I’ll be the first to admit that I’ve always been anxious. As a child, watching exorbitant amounts of Law and Order probably did not help. I’d worry about burglars and break-in’s, and kidnappings. I’d plan out ways to protect myself and my family if something were to happen–cut open my window screen with my pair of child-safe scissors, run to the neighbor’s house, and call 911 from there.
I had pretty solid escape plans.
But those plans would only work if things in the world were actually understandable, and if the world was the size of a nutshell. Often times, though, tragedy doesn’t make sense. And you need bigger weapons than child-safe scissors to face a world the size of the actual world.
I used to think of tragedy in isolation. What would the immediate impacts be on me and those closest to me? My world was four bedrooms and four bathrooms. And it soon expanded to a schoolyard, my grandparents’ homes, and the lives & realities of those I called family & friends.

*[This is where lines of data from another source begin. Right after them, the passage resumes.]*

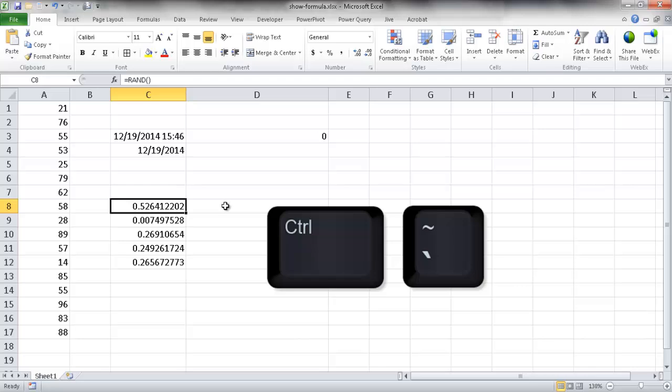So those are the two ways that you can show formulas on your worksheet. One is going into the backstage in Advanced and displaying it, and the other one is with this toggle keyboard shortcut Control Tilde. I hope that helps. Thanks for watching.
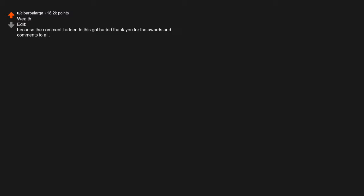Being arrested, getting stung by a bee or wasp, watching Two Girls One Cup, catching COVID, jury duty. I'm almost 37. Wealth. Edit: because the comment I added to this got buried, thank you for the awards and comments to all.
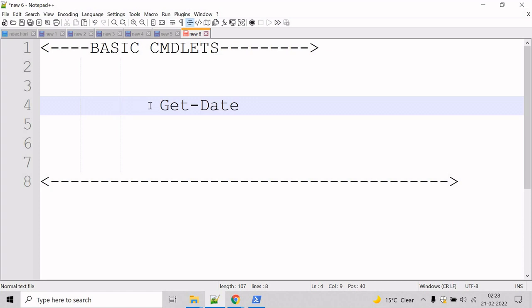Now, let's talk about the Get-Date cmdlet. The Get-Date cmdlet gets a datetime object that represents the current date or a date that you specify. Get-Date can format the date and time in different Unix and .NET formats. You can use Get-Date to generate a date or time character string and then send the string to other cmdlets or programs.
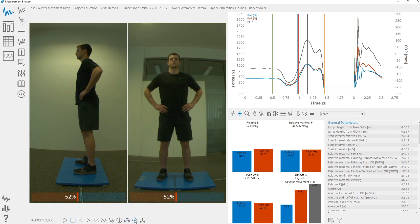The bars at the bottom of the videos represent the distribution of the vertical force between the left and right plate. This is shown only in cases when a measurement was acquired with two plates.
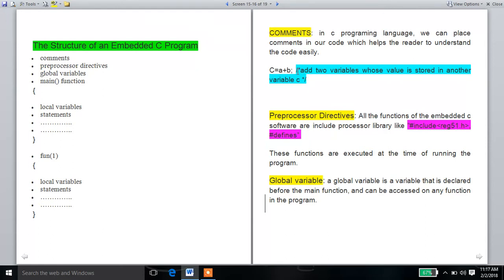You can see the comment section — it uses forward slash star to open and star forward slash to close. Within that section, we write the comment. For example: 'There are two variables whose value is stored in another variable C,' meaning A is a variable, B is a variable, and A plus B result is stored in C. In C programming language, we can place comments in our code which helps the reader to understand the code easily.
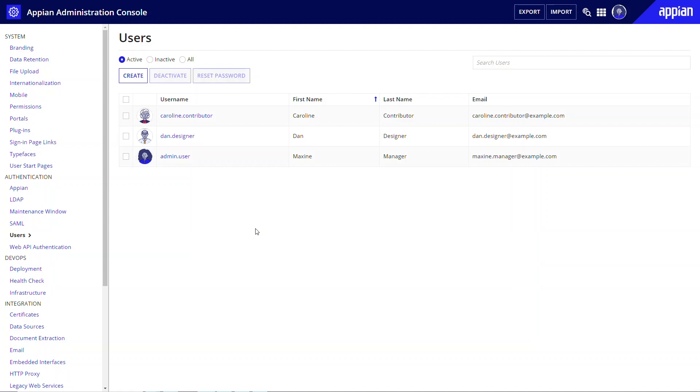System administrators can deactivate and reactivate user accounts to temporarily revoke system access for certain users. For example, let's say Dan Designer takes a temporary position on another team within your company. He does not need access to your application now, but when he returns, he will resume his responsibilities on the team.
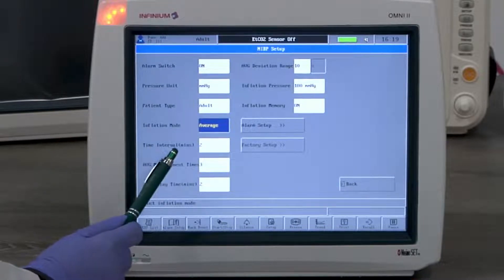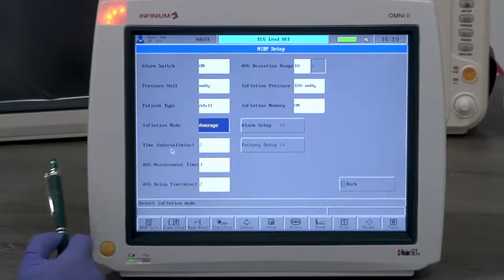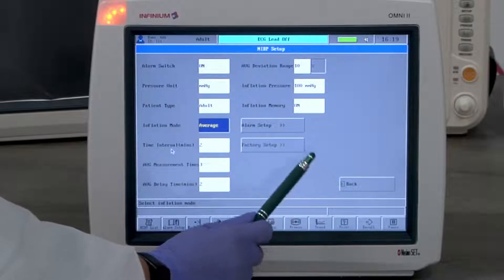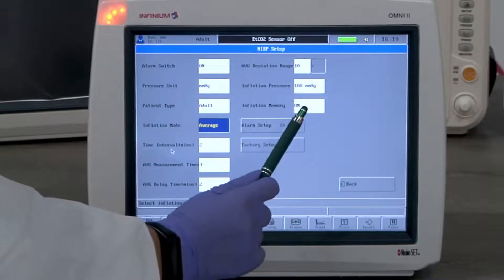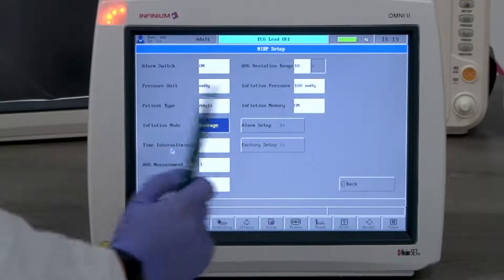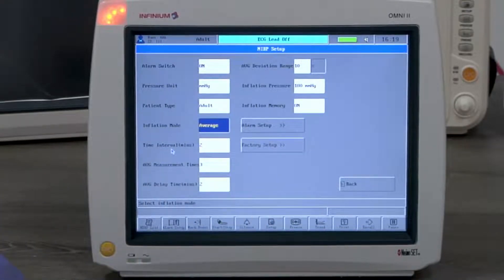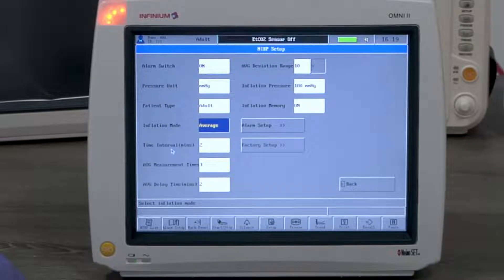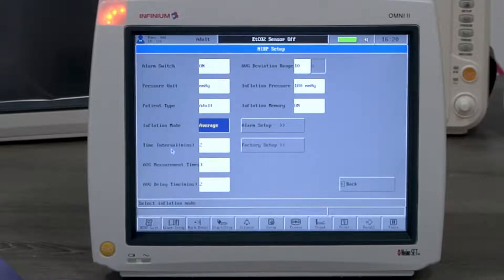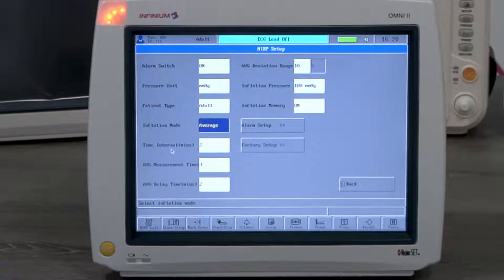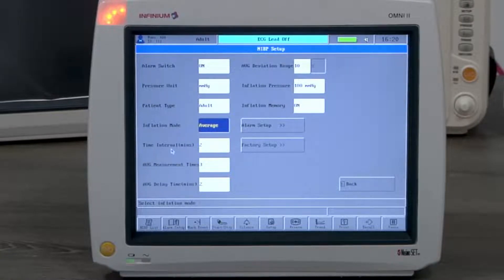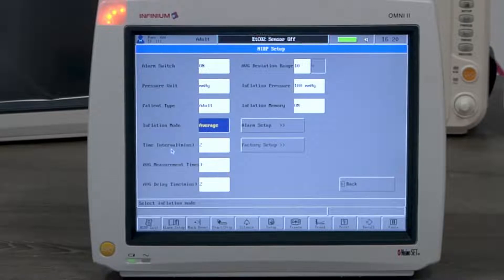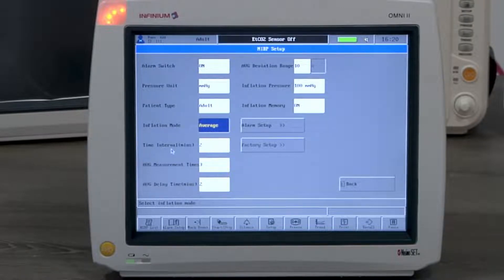The inflation memory's default setting is off. When it's on, it remembers the previous measurement and adjusts the initial inflation accordingly. If the first reading is a high BP, it will inflate to a high pressure at the beginning of a second measurement. This feature is helpful when monitoring the same patient or on a patient group that has similar blood pressure conditions.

Over time, my world kept expanding. And it made it increasingly harder to create escape plans to get us all out of emergency situations in tact.

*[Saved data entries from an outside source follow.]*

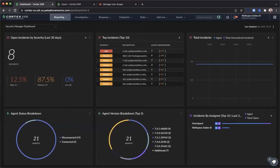With scope-based access control, Cortex-XDR enables you to assign users to specific endpoint groups in your organization. By default, all users have management access to all endpoints in the tenant. However, after you as an administrator assign a management scope to Cortex-XDR users, the user is then able to manage only the specific endpoints that are predefined within that scope.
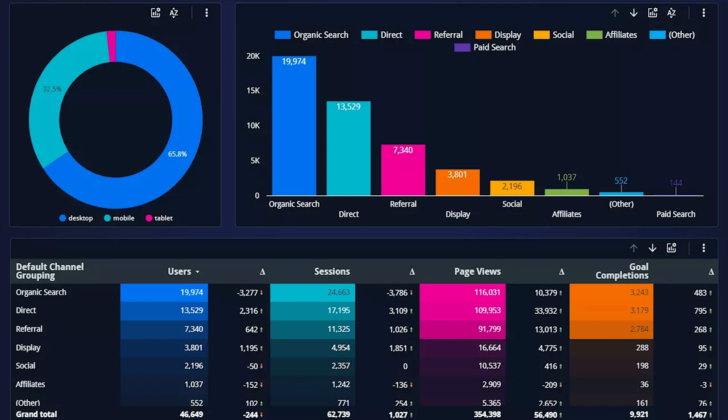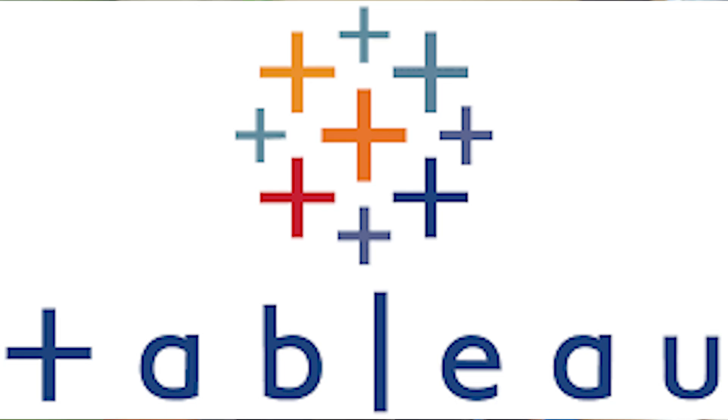You need to learn some type of data visualization tool — preferably one of the most common ones. Looker Studio is a good beginner tool to start with. It's super easy to learn and it's owned by Google so it's commonly used. Tableau is much more complicated but seen as much more credible, and a lot of people look for it on job postings and resumes.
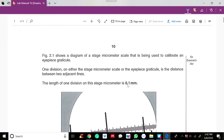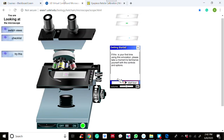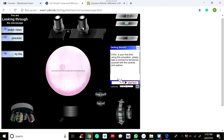An eyepiece graticule is a scale that you can find in the microscope — it is actually embedded in the eyepiece ocular of the microscope. As you can see in this visual, the eyepiece graticule is embedded inside so you can see it together with the image of your specimen.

Look, I consider myself extremely lucky to know the people I do and care so deeply about them. To have friends in nearly every corner of the globe is a truly wonderful thing–a gift that keeps giving.
But, that gift of knowing and loving people in places I can’t control, in places I cannot be to provide a shoulder or a helping hand, has been something that’s given me a considerable amount of anxiety.
Because when a tragedy occurs, natural or otherwise, in the UK, in Palestine, in Cuba, in Afghanistan, in Southeast Asia, in other parts of the US, in literally every country & disputed territory across this unforgiving world, faces flash in my mind and the atheist in me is quieted. I whisper something like prayer and hope that there is safety for the people I’ve met and the ones that they love.
I don’t know what the answer is, or if there is even a question to answer in the first place.
But I know that this anxiety and overwhelming worry I have for the well-being of my friends across the world is only getting louder. And even though it would be nice in some moments to shut it off, to turn away, to stop caring and let friendships fade, it wouldn’t make life any easier.
As anxiety-inducing as it is to love people in a world and political system that tells us to think of ourselves only, I would not trade in a heart that has felt a full range of human emotions or a mind that remembers far too many stories of loss & pain, and even more of laughter & triumph in the face of loss.
I don’t know what good these words will do. And maybe they serve only to quell my fears. But, maybe that’s all they need to do.
Maybe I just need a reminder that friendships with people different from you, living in different realities, and dreaming different things, are more valuable than the worries that threaten their existence.